## STORED DATA
----
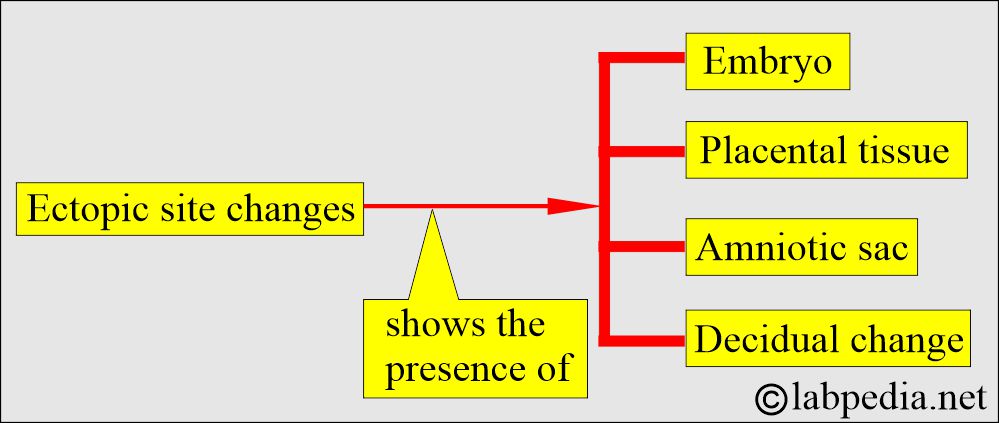 Ectopic sites change Ectopic sites change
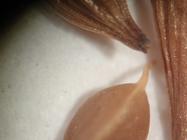 Close-up of surface of achene of holotype P00466041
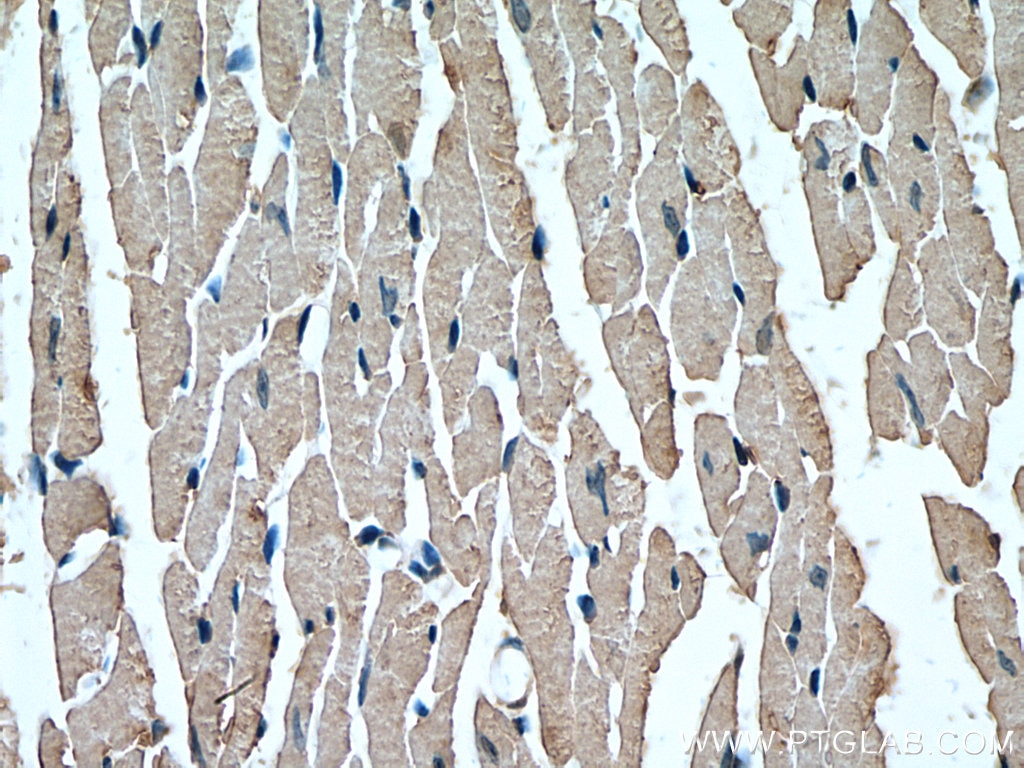 Immunohistochemistry (IHC) staining of mouse heart tissue using TNS1 Polyclonal antibody (20054-1-AP)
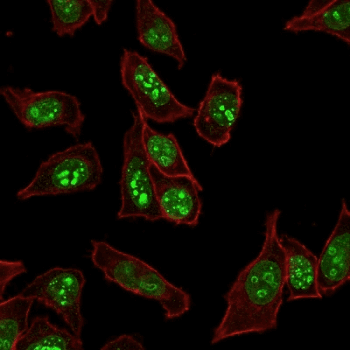 MKI67 / Ki67 Antibody (clone MKI67/2465)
----
## DIRECTIONS
Set out nothing but the lines from the line with "Close-up of surface" through the end of the material, reproduced exactly, both ends included, pictures omitted.

## WRITTEN ANSWER
 Close-up of surface of achene of holotype P00466041
 Immunohistochemistry (IHC) staining of mouse heart tissue using TNS1 Polyclonal antibody (20054-1-AP)
 MKI67 / Ki67 Antibody (clone MKI67/2465)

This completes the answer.